Tricia Cariffe had dreamt about starting a baking business for years before she finally opened her own kitchen space in March.Then she scored a spot at Vista Farmers’ Market in San Diego, and a month ago began making enough money to quit her day job and continue pursuing her dream: Bluespark Baking.
“I’m having a blast,” Cariffe said. “You do what you need to do, and it’s definitely worth it.”
She sells two treats, which she said have a “good versus evil” dynamic.
There are the “good” vegan, wheat-free energy squares designed for athletes that she makes using all natural ingredients without refined sugar. Its “evil” twin are desert pies she bakes from scratch.
In both cases, Cariffe buys almost all the ingredients from local vendors and considers them one of the most important elements of her product.
“I urge people to always look at the ingredients,” she said. “The further away you are from where they come from, the less fresh the overall product will be. It will also have an impact on the shelf life.”
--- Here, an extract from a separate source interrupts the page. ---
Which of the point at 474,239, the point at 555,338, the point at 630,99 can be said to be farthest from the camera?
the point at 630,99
What’s interesting, though, is how much people pay attention to packaging.
For Cariffe, who tries to keep costs down to maintain a low entry point, she spends about 1 to 12 per cent on packaging. One of her bags cost 25 cents.
But she acknowledges that image in the food industry “is huge” and good packaging makes up a big part of it. Many companies, knowing how much people respond to fancy wrapping, choose looks over quality ingredients.
As an example, Tricia pointed to another business that specialises in toffee and used to be at the farmers’ market.
“Toffee is just made of water and sugar,” she said, laughing. But the company probably spends about 80 cents on each box, plus ribbons and then up charges three to four times what it costs to make the toffee itself.
Most retailers price things twice as much as what it costs to produce.
So when analysing the value of products–whether it’s food or something else–she strives for a balance.
“For me I think, ‘Does it really matter?’ Give me a better price and superior product,” said Cariffe. “I don’t need the box and ribbon.”
To her, striking a balance means simple packaging, including “natural materials,” straight lines and an easy-to-open system. It also means keeping overhead costs to about 30 to 40 per cent so she can sell her treats at an affordable price.
The system seems to be working: Cariffe just landed a deal to sell her Sherpa, aka her granola squares, at the Courtyard Marriott in San Diego.